Croatia's tournament ended Thursday night in Toronto, where Portugal rallied for a 2-1 win in the Round of 32 on a stoppage-time header — and where a disallowed goal in the dying moments denied the Vatreni a dramatic equalizer. Portugal advances to face Spain in the Round of 16; Croatia goes home.
For Alexandria, it is the end of an unlikely chapter that began in early June, when Croatia set up its base camp at Episcopal High School and, over the following weeks, turned a Northern Virginia city into an unexpected World Cup outpost.
How it unfolded
Croatia took the lead in the 53rd minute when veteran Ivan Perišić finished off a cross from Josip Stanišić. The advantage held until the 68th, when Cristiano Ronaldo — at 41, playing in his sixth World Cup — converted a penalty after Nikola Vlašić was called for a holding foul in the box.
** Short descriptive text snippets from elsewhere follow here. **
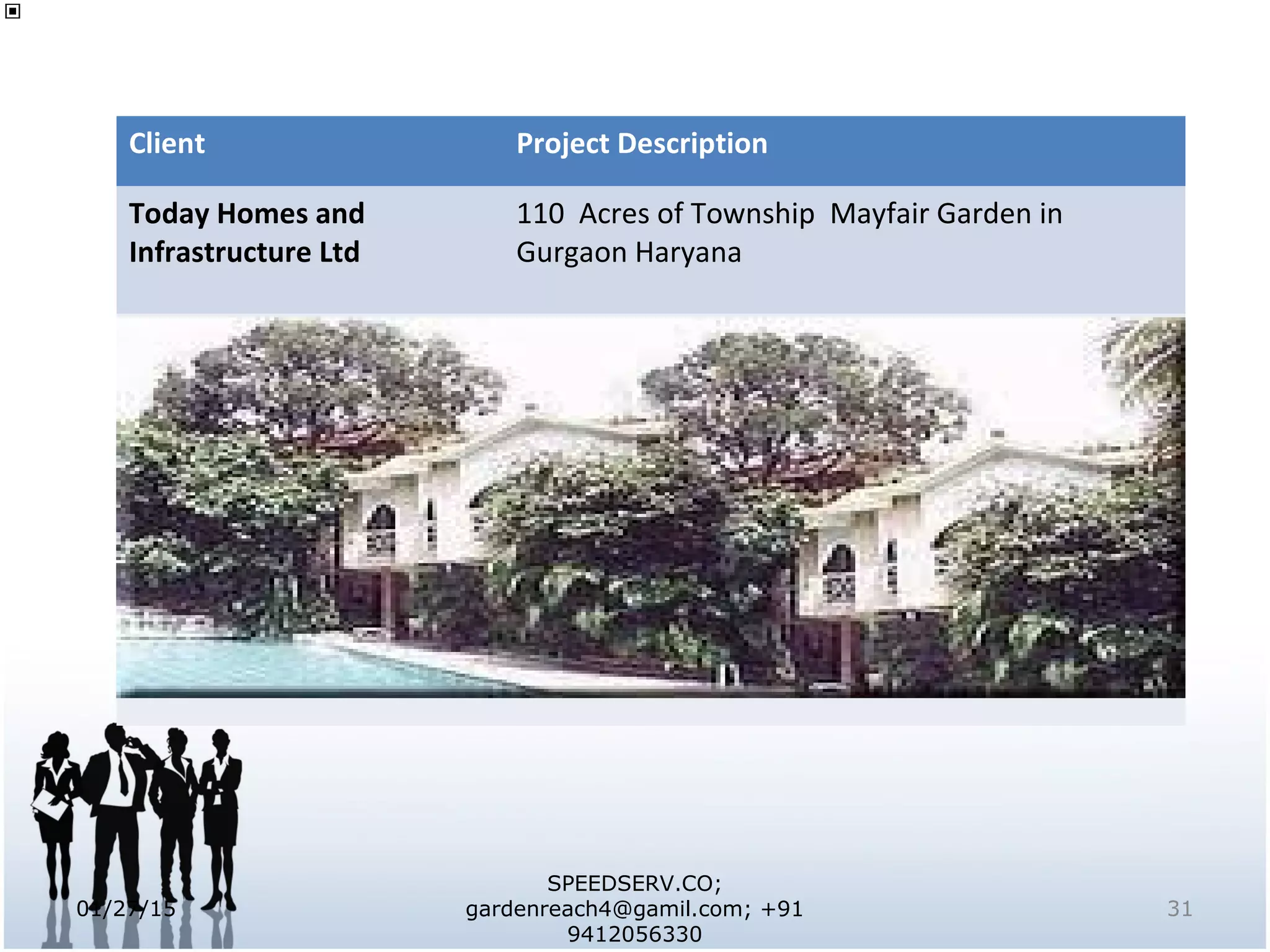 Client Project Description
Today Homes and
Infrastructure Ltd
110 Acres of Township Mayfair Garden in
Gurgaon Haryana
01/27/15 31
SPEEDSERV.CO;
gardenreach4@gamil.com; +91
9412056330
 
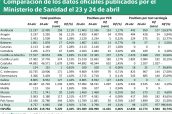 Comparación-de-los-datos-oficiales-publicados-por-el-Ministerio-de-Sanidad-el-23-y-24-de-abril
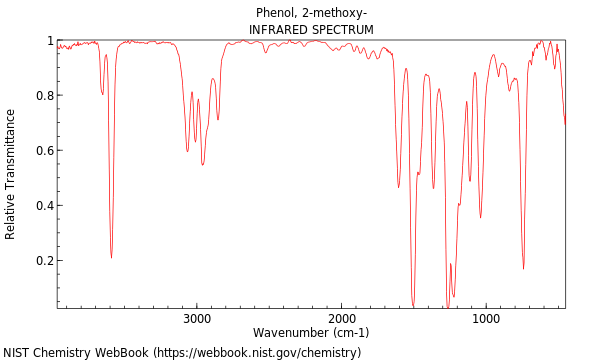 IR spectrum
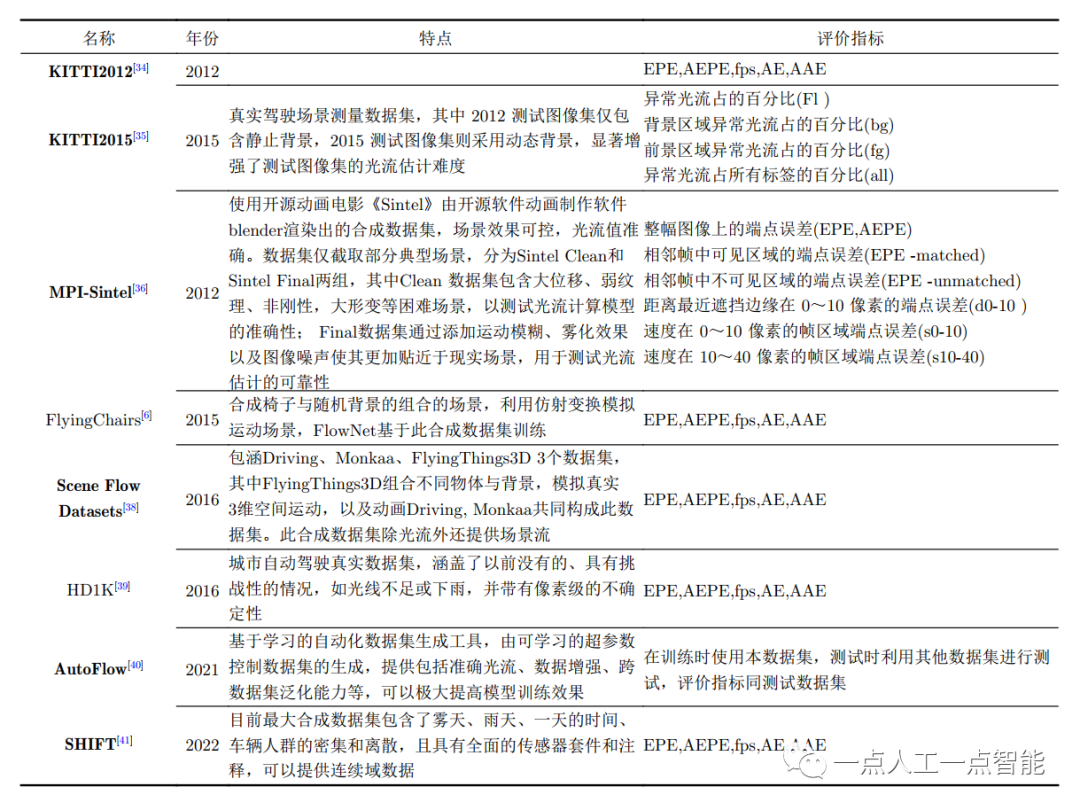 表3 光流估计模型评估公开数据集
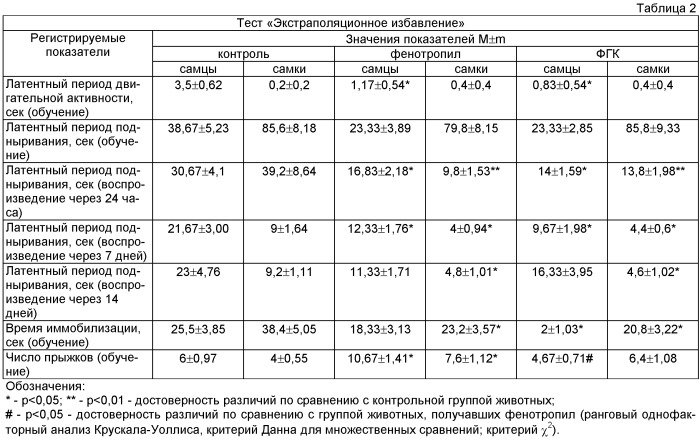 Фенилгидразид (4-фенил-2-пирролидон-1-ил)-уксусной кислоты, обладающий ноотропной, антидепрессивной и анксиолитической активностью (патент 2440981)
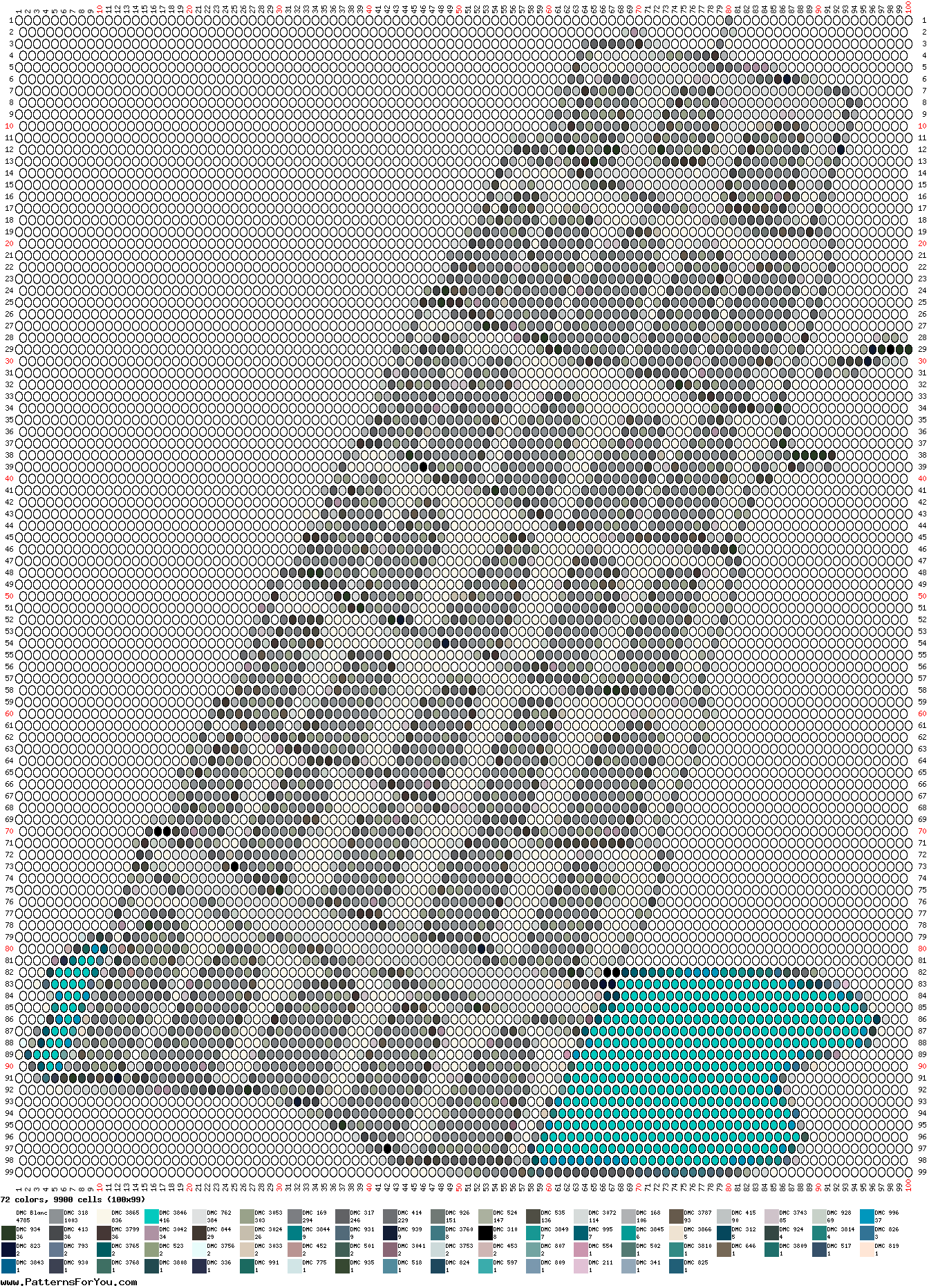 pattern Architecture Buildings Countries Italy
The winner came in stoppage time. Substitute Gonçalo Ramos headed home to put Portugal ahead, and moments later the match descended into controversy. Croatia thought it had equalized in the final seconds, but after a lengthy delay, Mario Pašalić was ruled offside by video review. Croatian players and fans protested — the decision, both Croatia's Petar Sučić and Portugal coach Roberto Martínez said afterward, was triggered by the sensor chip inside the match ball.
It was one of multiple Croatia goals waved off during the night, a frustrating pattern that turned an already tense knockout match into a bitter ending for Zlatko Dalić's side.
Two legends, one last stage
The match had been framed as a meeting of eras: Ronaldo and Croatia's Luka Modrić, 40, longtime teammates at Real Madrid, each chasing a World Cup title that has eluded them. The two shared an embrace before kickoff and met again on the field afterward, with Ronaldo calling Modrić a legend of the game.
Modrić led Croatia to the World Cup final in 2018 and a third-place finish in 2022. Whether Thursday marked his final World Cup appearance, Dalić would not say definitively; the coach called it "probably" Modrić's last, per the AP, but declined to close the door.
For a captain who played his 200th match for the national team during this tournament — and who set up Croatia's decisive goal against Ghana just days earlier — it was a quiet, painful way for a possible final World Cup to end.
The end of Alexandria's month
Croatia's exit closes the local story that has unfolded since winter, when the Brief first reported the team had chosen Alexandria as its base camp over dozens of other North American sites. In the weeks that followed, the city embraced the Vatreni: hundreds of children turned out for a June community event, restaurants added Croatian dishes, shops flew the red-and-white checkers, and Mayor Alyia Gaskins traveled to Philadelphia for the team's group-stage win over Ghana.
The players, in their final days in the city, spoke warmly of the stay — of welcoming hotel and training-center staff, and of Episcopal's facilities. Dalić, at his last Alexandria news conference, called the city "beautiful" and "peaceful."
Alexandria's other World Cup connection remains alive, for now: Ghana, which was also briefly based in the city before the tournament, plays Colombia in its own Round of 32 match Friday night in Kansas City.
But the team that turned Alexandria into a home for a month is finished — bowing out on a Toronto night that, for the Vatreni and the city that hosted them, ended a game too soon.